Sharpe and alpha are different ways to measure essentially the same thing: how good is the team relative to their volatility/risk? Despite NYG having a slightly better volatility, DAL has been PAYING OUT HUGE on it's moderately higher risk. DAL has an alpha of 8.78 to NYG 2.85, and DAL has a Sharpe of 0.99 to NYG 0.53. That makes sense when you think about it - despite NYG playing more consistently, they have played more consistently at a lower level than DAL. One week, DAL may score 50 points, and the next 20, but they are still outputting higher scores than NYG.

Now, what I may do to make the modules run a little more evenly is to find out which teams consistently cover rather than just score.

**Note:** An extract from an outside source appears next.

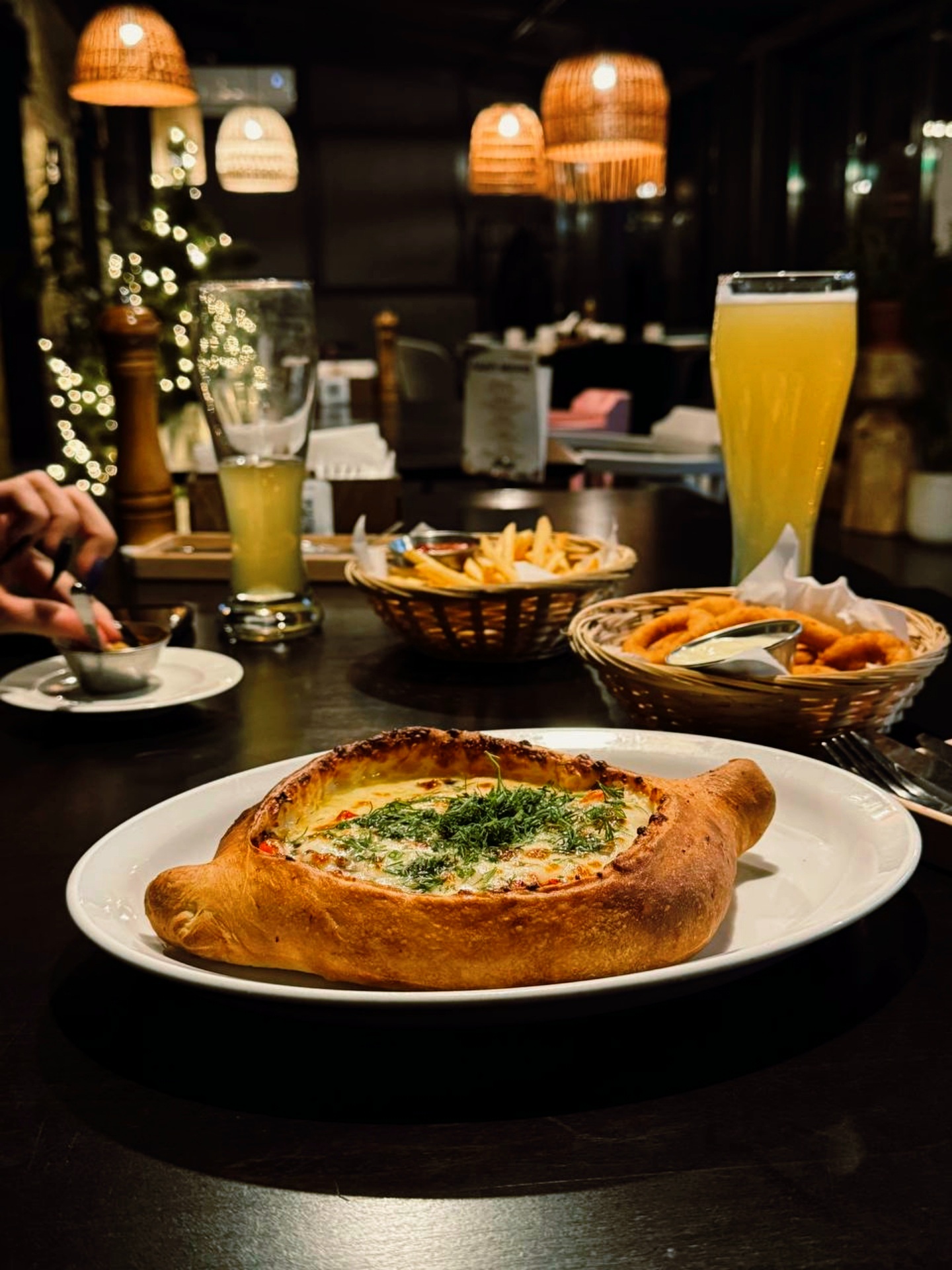 ХІНКАЛІ rooms image 13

I tried this earlier this week, and it got sticky. It may be worth a revisit. The financials right now are great ways to modify your thinking, ESPECIALLY on moneyline bets, since it's gives you a benchmark against which you can measure the schizophrenic teams. This chart may better illustrate that, noting that interesting schizo teams include ATL (beta rank 8th, Sharpe and alpha rank 30th), DEN (beta rank 5th, Sharpe and alpha rank 29th and 28th), and KC (beta rank 7th, Sharpe and alpha rank 28th and 29th). Basically it's showing you that a.) these teams perform consistently week to week, and b.) they perform consistently BAD week to week.


Sharpe Alpha Beta
Team Rank Rank Rank
ARI 18 24 6
ATL 30 30 8
BAL 26 27 20
BUF 27 26 14
CAR 24 25 3
CHI 23 23 13
CIN 9 7 19
CLE 4 3 31
DAL 2 2 10
DEN 29 28 5
DET 7 8 18
GB 8 9 25
HOU 11 6 26
IND 3 5 23
JAC 19 20 16
KC 28 29 7
MIA 15 11 32
MIN 14 18 15
NE 1 1 2
NO 12 14 9
NYG 6 10 11
NYJ 25 16 30
OAK 20 22 22
PHI 17 17 29
PIT 5 4 21
SD 10 15 12
SEA 13 13 24
SF 31 31 4
STL 32 32 27
TB 22 19 17
TEN 16 12 28
WAS 21 21 1

What I've done with these rankings is AVERAGE the scores in with the original Box (they are making sweet love). It's a weighted average, so the original Box is weighted 2/3, the financials are 1/3 (historically it seems to pick up a few games, but I have to finish the back test). This explains why the pick is still NYG, because they are actually statistically better and lower volatility, versus a high risk/high return play of DAL which is weighted less. What the averaging has accomplished is switched the following picks from the original Box:

STL +11.5 switched to NO -11.5
ATL +4 switched to CAR -4

Both of these games were on the cusp statistically, but the weighting pushed them over the edge.

Are you humbled by my intellect? I thought so. (For all this boasting, I figure I should lose 100% of my bets this week - karma's a hideous bitch goddess).